PROBLEM TO WORK ON:
Copy each entry below exactly. No images.

[Data excerpts]

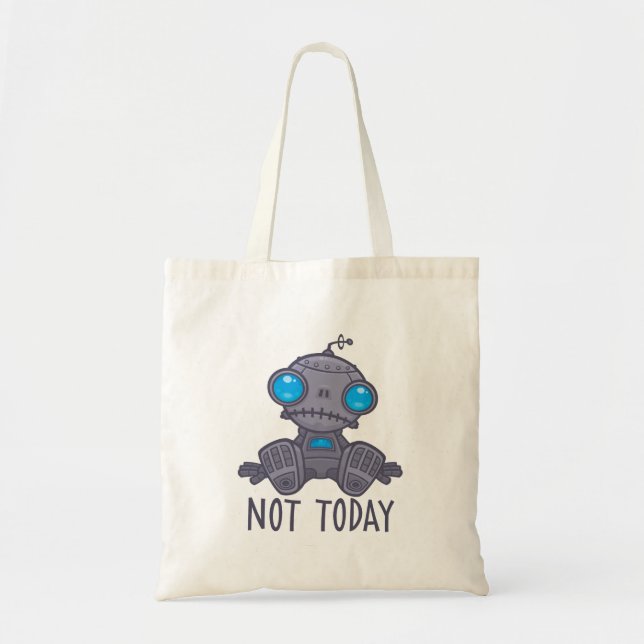 Not Today Sad Robot Tote Bag (Front)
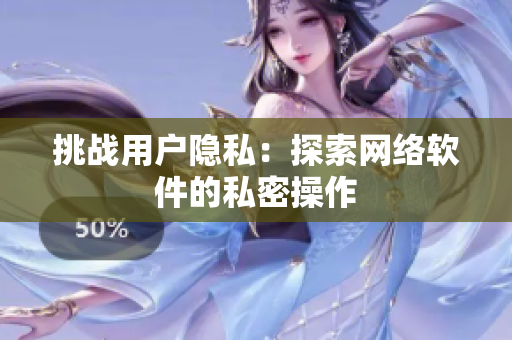 挑战用户隐私：探索网络软件的私密操作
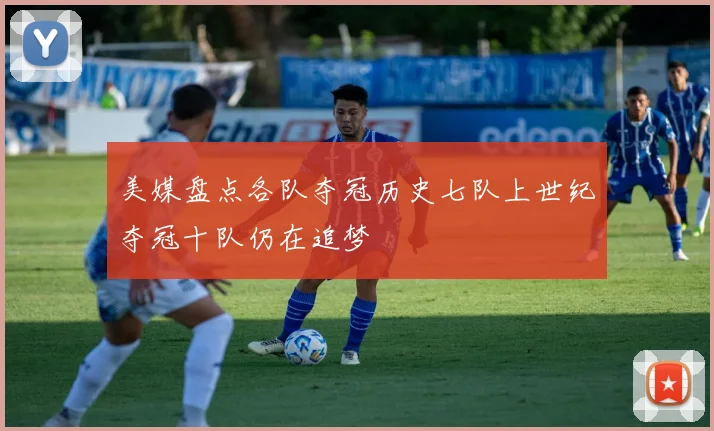 美媒盘点各队夺冠历史七队上世纪夺冠十队仍在追梦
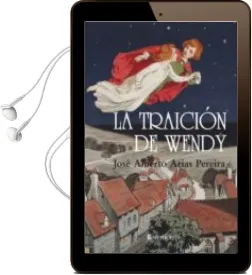 Descargar AudioLibro La Traicion de Wendy (Premio Andalucia Joven Narrativa 2009) de Jose Alberto Arias Pereira año 2010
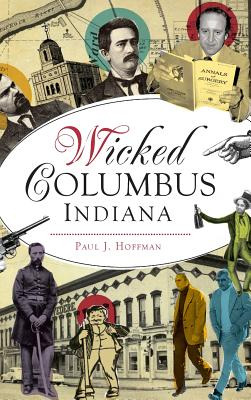 Libro Wicked Columbus, Indiana - Hoffman, Paul J.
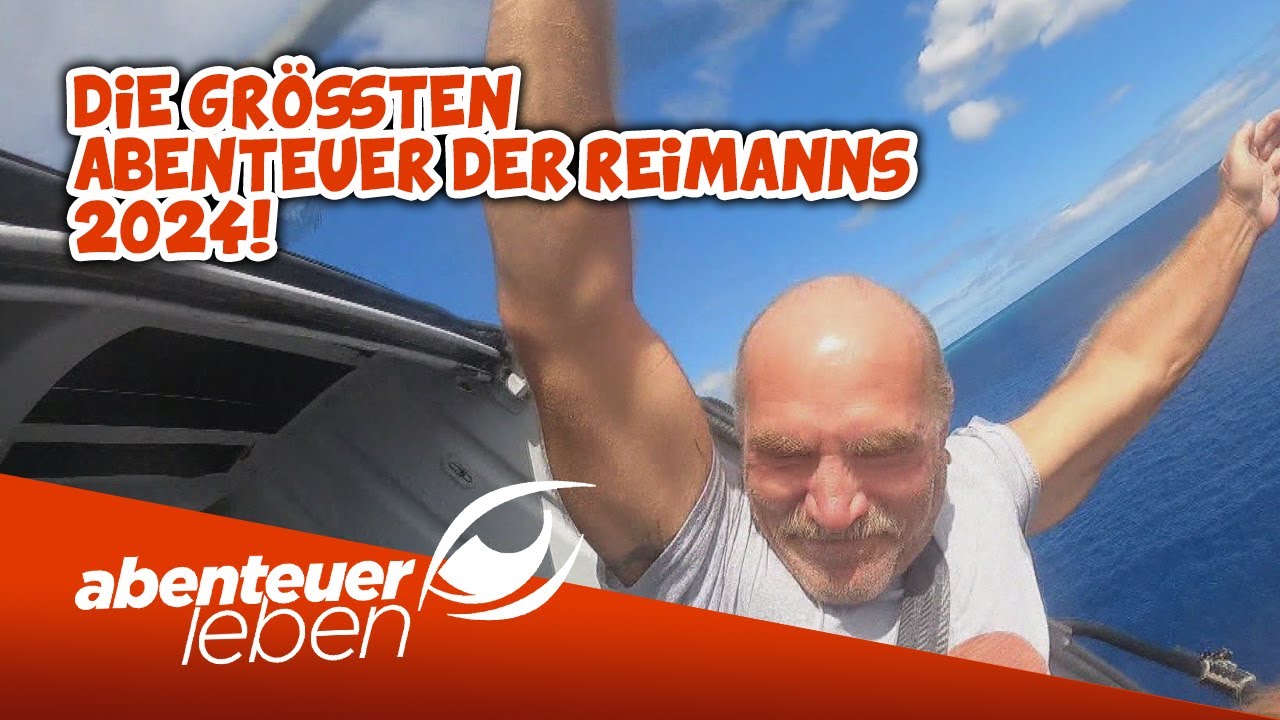 🤠🌺 Die größten Abenteuer der Reimanns aus dem Jahr 2024! | Abenteuer Leben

ANSWER FOR THE TASK:
 Not Today Sad Robot Tote Bag (Front)
 挑战用户隐私：探索网络软件的私密操作
 美媒盘点各队夺冠历史七队上世纪夺冠十队仍在追梦
 Descargar AudioLibro La Traicion de Wendy (Premio Andalucia Joven Narrativa 2009) de Jose Alberto Arias Pereira año 2010
 Libro Wicked Columbus, Indiana - Hoffman, Paul J.
 🤠🌺 Die größten Abenteuer der Reimanns aus dem Jahr 2024! | Abenteuer Leben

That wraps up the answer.